Recorded data:
Start of Block

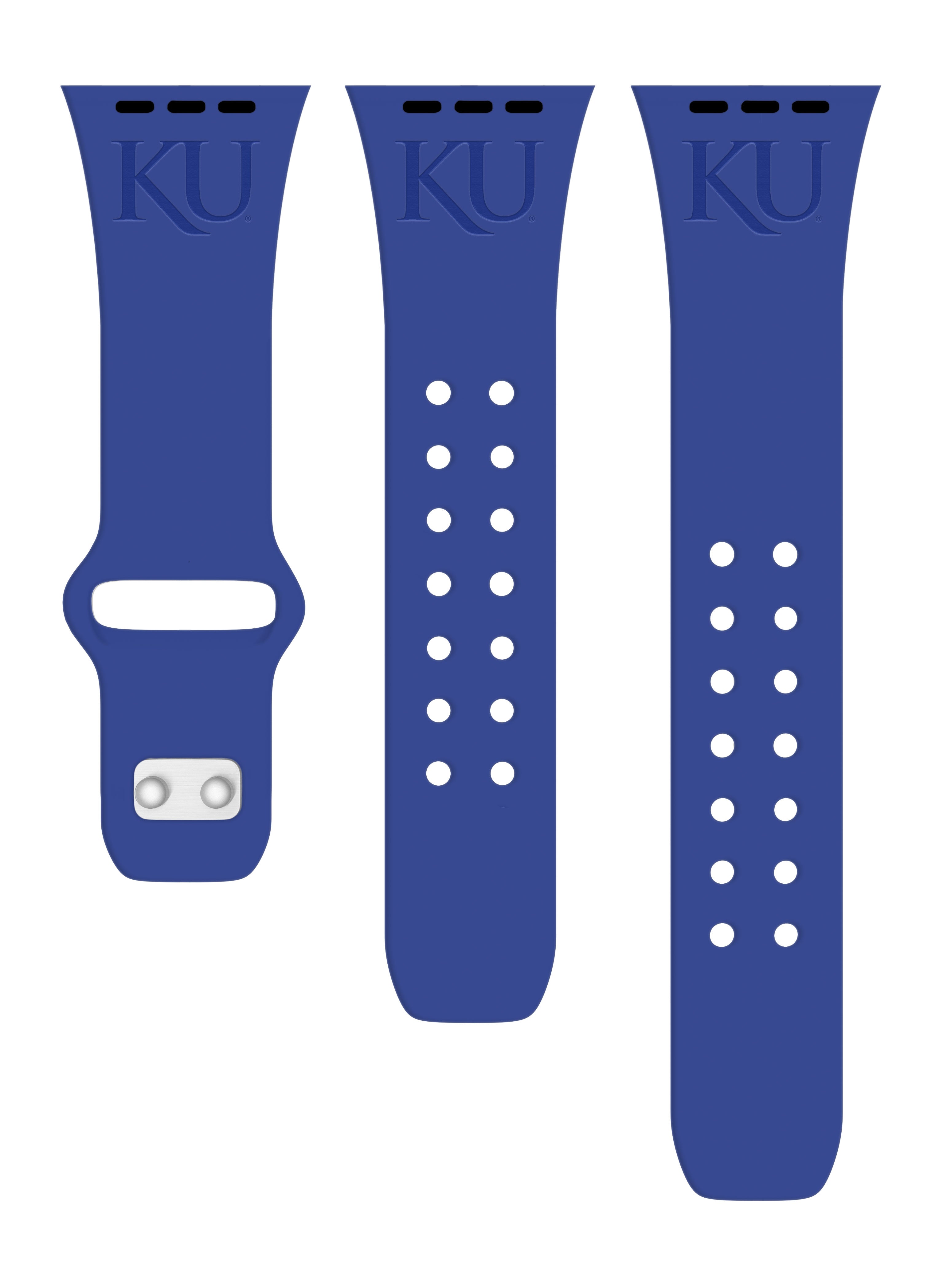 Kansas Jayhawks Engraved Apple Watch Band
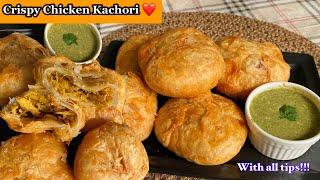 Bzaar wali Crispy Chicken Kachori | Detailed Recipe by Foodie Girl Tayeba️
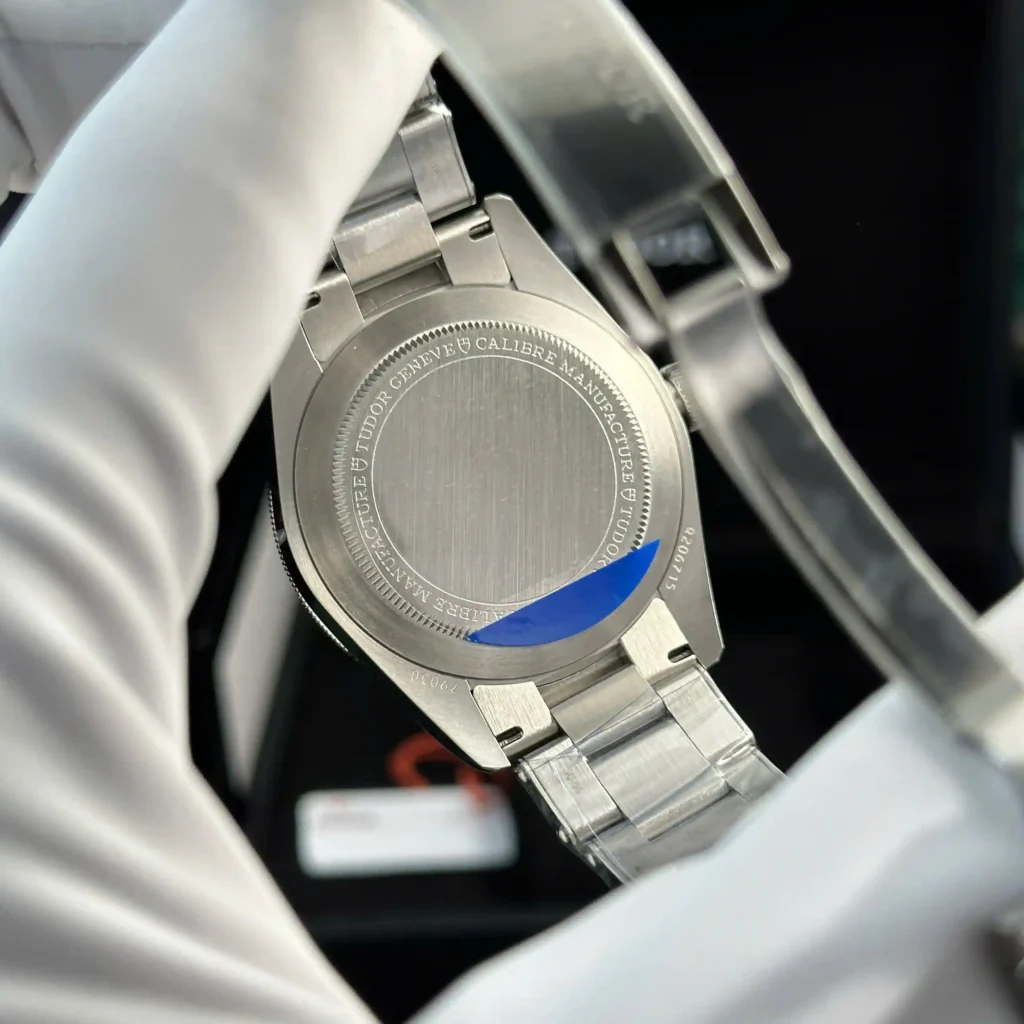 Super Clone Tudor 42mm Titanium — on leather display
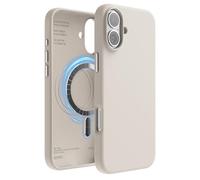 elago Magnetic Silicone Case Compatible with iPhone 16 Plus Case 6.7 Inch Compatible with All MagSafe Accessories - Built-in Magnets, Soft Grip Silicone, Shockproof (Stone)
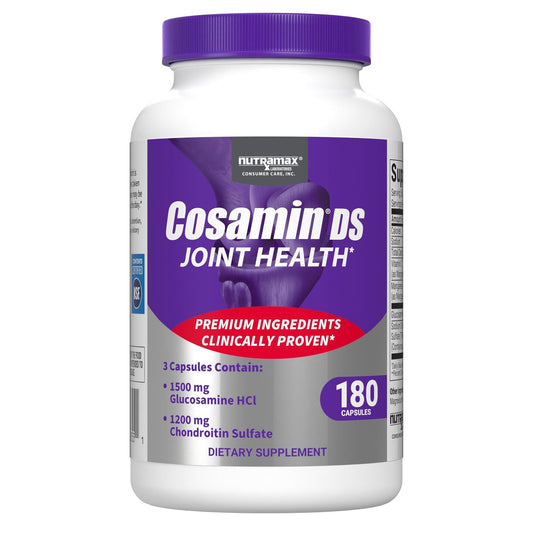 Nutramax Cosamin® DS Joint Health Supplement with Glucosamine & Chondroitin for Men’s & Women's Joint Health, 180 Capsules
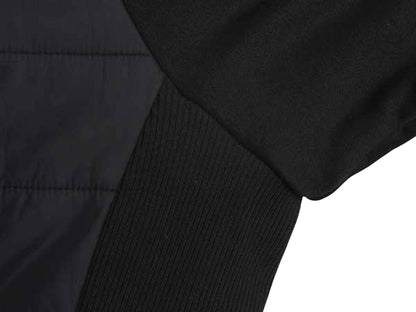 ノースフェイス 中綿 キルティング ナイロン ジャケット レディース XL アウトドア ストレッチ 切替 フルジップ ブルゾン 黒 大きいサイズ 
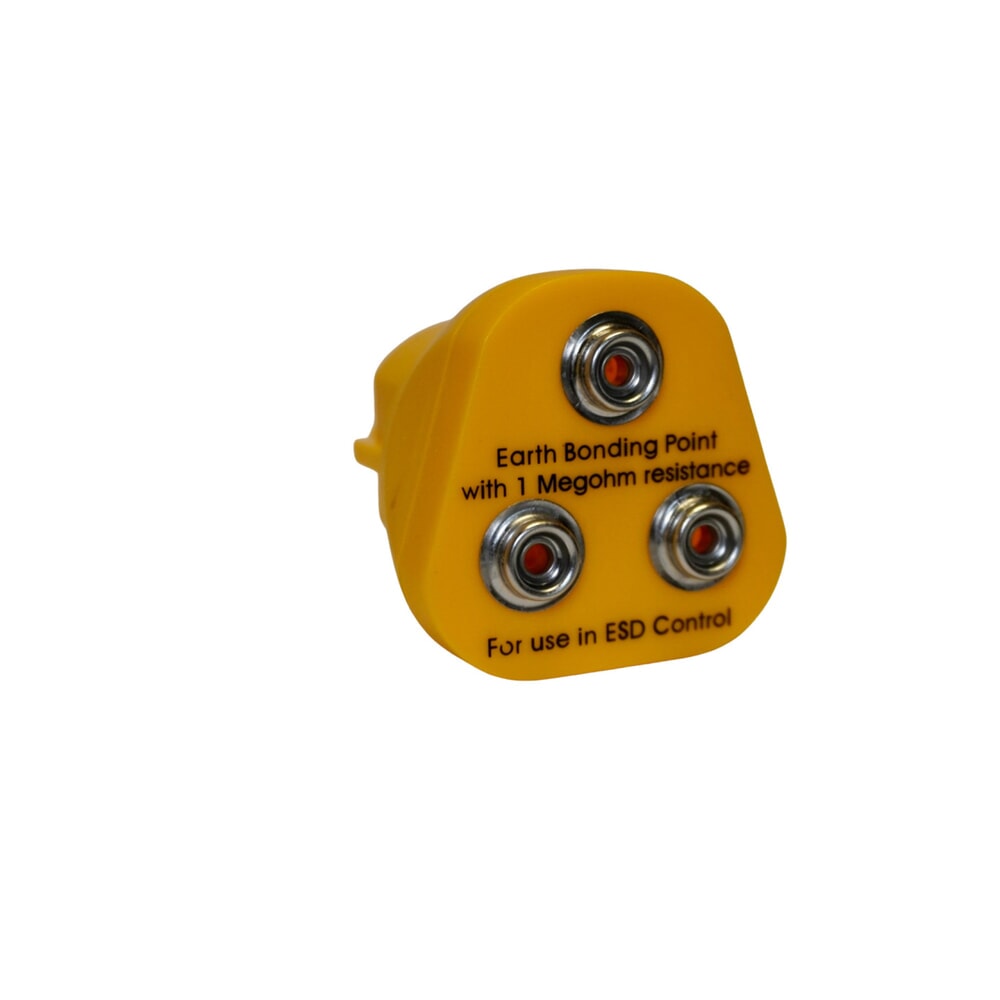 Produktabbildung: EU-Erdungsstecker für REBOURNE® ESD-Tischauflagen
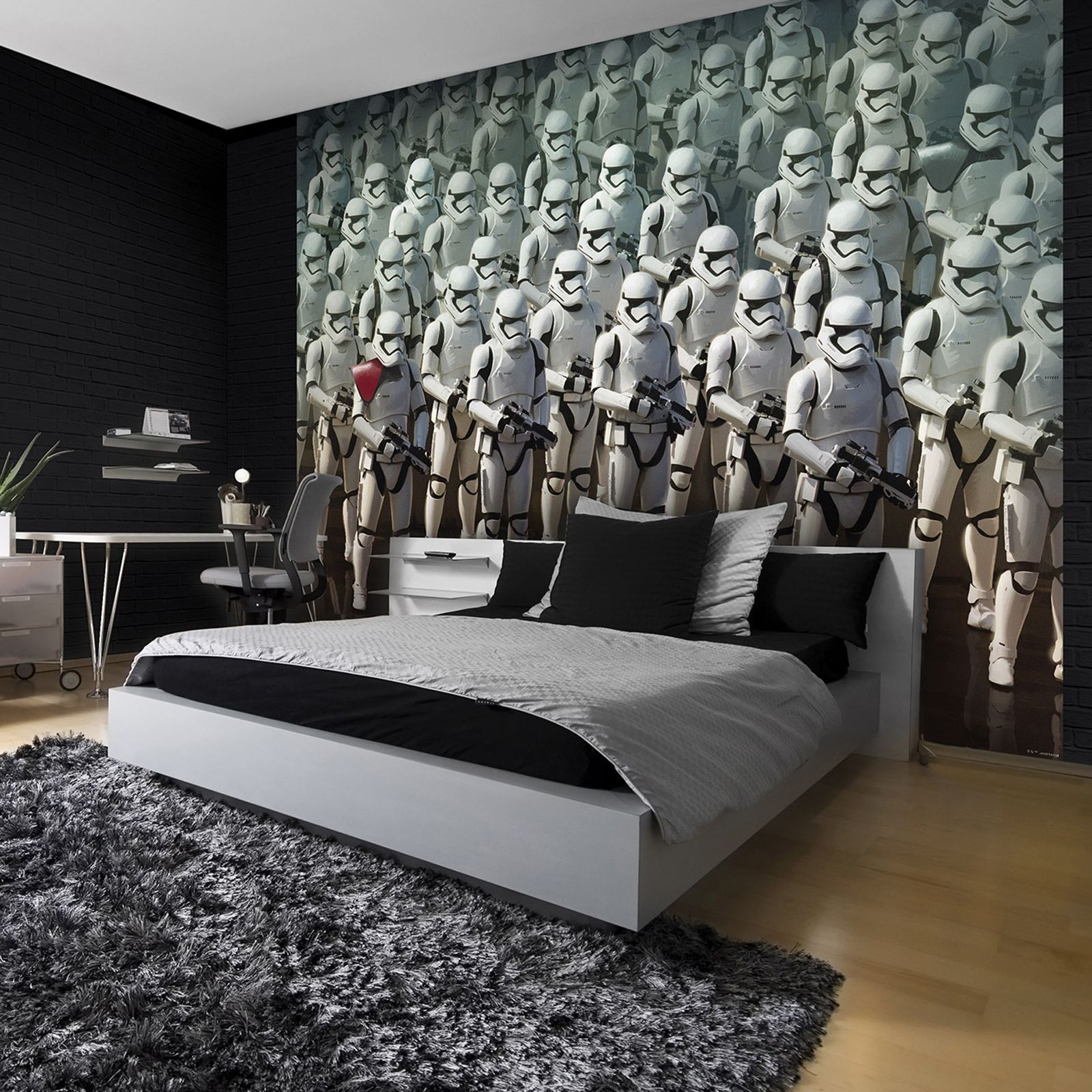Star Wars Bedroom Wallpaper
 Star Wars Stormtrooper Wall Mural 254 x 184cm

End of Block

- **What you have to do**: Every line of the records above should be reproduced exactly, with no pictures included.

- **Solution to this problem**:
 Kansas Jayhawks Engraved Apple Watch Band
 Bzaar wali Crispy Chicken Kachori | Detailed Recipe by Foodie Girl Tayeba️
 Super Clone Tudor 42mm Titanium — on leather display
 elago Magnetic Silicone Case Compatible with iPhone 16 Plus Case 6.7 Inch Compatible with All MagSafe Accessories - Built-in Magnets, Soft Grip Silicone, Shockproof (Stone)
 Nutramax Cosamin® DS Joint Health Supplement with Glucosamine & Chondroitin for Men’s & Women's Joint Health, 180 Capsules
 ノースフェイス 中綿 キルティング ナイロン ジャケット レディース XL アウトドア ストレッチ 切替 フルジップ ブルゾン 黒 大きいサイズ 
 Produktabbildung: EU-Erdungsstecker für REBOURNE® ESD-Tischauflagen
Star Wars Bedroom Wallpaper
 Star Wars Stormtrooper Wall Mural 254 x 184cm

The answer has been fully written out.